Abstract

We develop techniques for studying the effects of self-interactions in the conformal sector of an unparticle model. Their physics is encoded in the higher n-point functions of the conformal theory. We study inclusive processes and argue that the inclusive production of unparticle stuff in standard model processes due to the unparticle self-interactions can be decomposed using the conformal partial wave expansion and its generalizations into a sum over contributions from the production of various kinds of unparticle stuff, corresponding to different primary conformal operators. Such processes typically involve the production of unparticle stuff associated with operators other than those to which the standard model couples directly. Thus just as interactions between particles allow scattering processes to produce new particles in the final state, so unparticle self-interactions cause the production of various kinds of unparticle stuff. We discuss both inclusive and exclusive methods for computing these processes.
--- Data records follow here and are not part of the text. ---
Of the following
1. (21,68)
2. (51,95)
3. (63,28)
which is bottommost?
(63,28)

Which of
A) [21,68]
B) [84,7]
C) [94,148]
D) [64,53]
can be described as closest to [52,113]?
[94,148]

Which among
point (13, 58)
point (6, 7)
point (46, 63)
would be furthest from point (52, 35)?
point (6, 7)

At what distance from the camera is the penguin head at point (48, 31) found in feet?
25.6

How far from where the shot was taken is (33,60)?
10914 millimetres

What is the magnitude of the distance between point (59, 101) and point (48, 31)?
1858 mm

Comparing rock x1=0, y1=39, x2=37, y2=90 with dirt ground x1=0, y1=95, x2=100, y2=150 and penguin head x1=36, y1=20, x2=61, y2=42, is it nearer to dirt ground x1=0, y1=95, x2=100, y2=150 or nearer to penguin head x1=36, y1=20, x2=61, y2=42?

The resulting picture, we believe, is a step towards understanding what unparticle stuff "looks like" because it is quite analogous to way we describe the production and scattering of ordinary particles in quantum field theory, with the primary conformal operators playing the role of particles and the coefficients in the conformal partial wave expansion (and its generalization to include more fields) playing the role of amplitudes. We exemplify our methods in the 2D toy model that we discussed previously in which the Banks-Zaks theory is exactly solvable.